I have a large number of Japanese paperbacks that I want to OCR, roughly 4x6 and 5x7 inches. I had everything I needed except a platen and a design, and after browsing these forums for a while, I came up with both. Because my camera has manual focus and exposure controls (and remote-control software!), I wanted a design that kept the platen at a constant distance from the camera.
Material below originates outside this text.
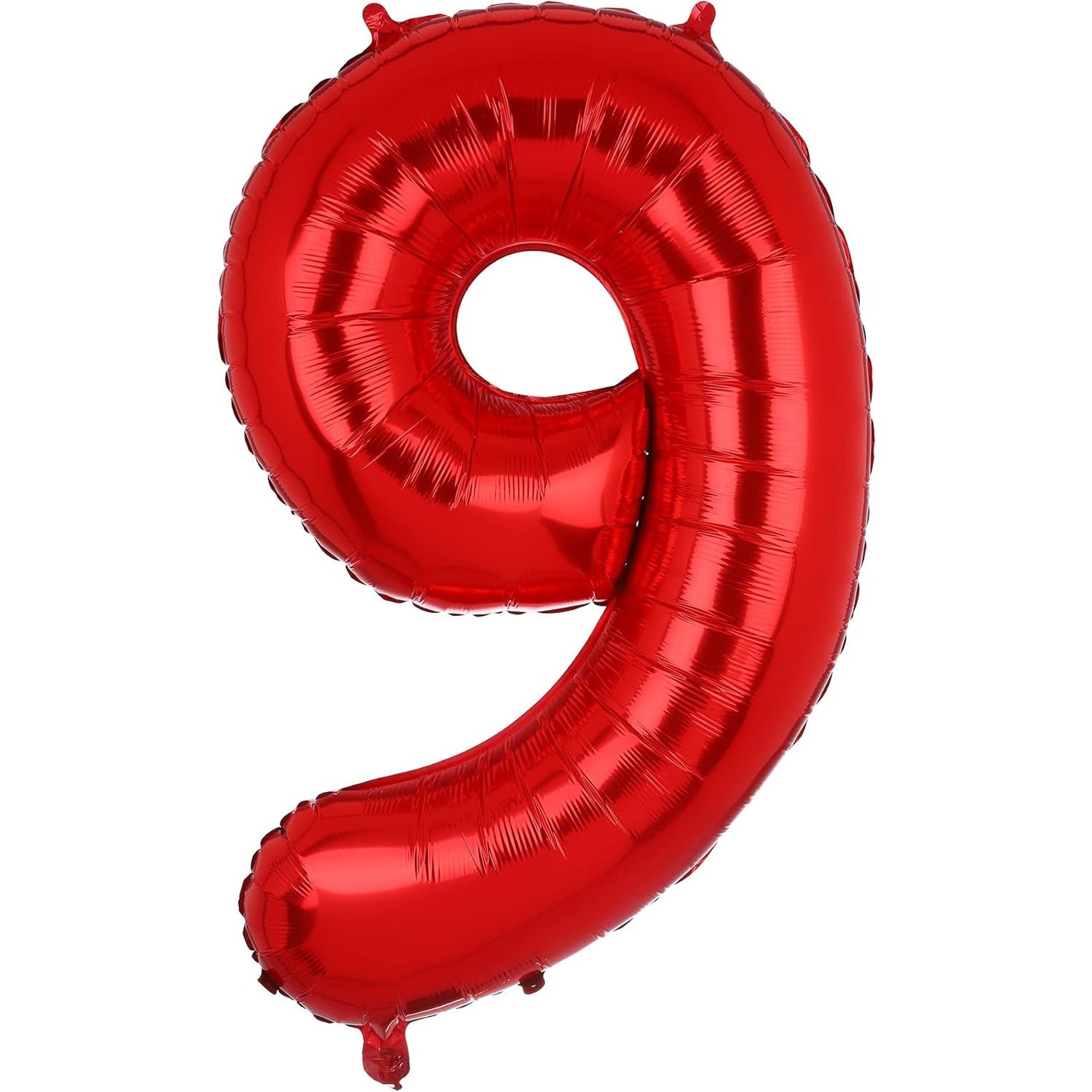 Balon din Folie Metalizata, Figurina Cifra, Tema Aniversare 80 cm, Ambalaj Individual, Pai inclus, Umflare cu Aer sau Heliu, Rosu, Cifra 9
There's still some tinkering to do, but I think it's going to work nicely.
Here (3.6MB JPEG) is the raw output from the first test shot, done with just room lighting.
Materials:
- Minolta Dimage A2 8MP camera, Dimage Capture remote-control software, and AC-11 power adapter.
- Kaiser copystand.
- Speedotron Black Line 1205CX power pack, plus two each of 202VF color-corrected flash head with 7" reflector, 10-degree grid insert, and 8-foot light stand.
- Wein wireless flash trigger and slave.
- Abbyy Finereader Pro 9.0.
- 32x32-post Lego baseplate and a whole bunch of Legos in various sizes and shapes.
- 7.75x9.25-inch (roughly 25x30-post) sheet of 1/4-inch Acrylite GP for the platen.
- a bunch of pennies.
- several sheets of matte black construction paper.
- two sheets of cardstock.
- several sheets of packing foam.
- tape.
Back view, with a spacer column to position 4x6 books consistently:
In use; construction paper is taped to the vertical riser to eliminate glare, and another sheet placed behind the page being scanned to significantly reduce bleed-through. The pennies add enough weight to the assembly so I can press the book up into the platen:
Camera support (note the camera doesn't need to be in Macro mode):
Cardstock-and-foam cradle to press the hand-held book up into the platen consistently.
Cleaned-up detail from the test scan linked above:
Without doing any cleanup on the test scan, Finereader was able to OCR it with only two single-character errors, plus about a dozen garbage characters added to short lines where it interpreted the noise in the low-contrast JPEG as ASCII. The camera can shoot RAW, the flash rig will provide crisp, even lighting, and doing a little bit of pre-processing before OCR will significantly improve the recognition rate and get rid of the noise. I know from experience that a 300dpi scan is adequate for Japanese in Finereader, and this setup will get ~600dpi for the 4x6 books and ~450 for the 5x7 ones, so it should work out nicely.
I tested the flash rig before I built the scanner, so I know it will fill the platen with crisp, even, glare-free light, but it's powerful enough to light a large room, and at its minimum setting (1/4 power, single channel, for an effective 37 watt-seconds per head), the reflectors have to be nearly six feet away from the platen to deliver only f/8 at ISO 64, with an exposure time of 1/500th seconds.
I'll be doing some real scans tonight. The target books are the murder mystery To Die in the Rain (4x6, page 5 was the test scan), Japanese Train Lunches (4x6, full-color photos), and My Youth with Ultraman (5x7, with B&W photos). I'll post some samples once they're done.
-j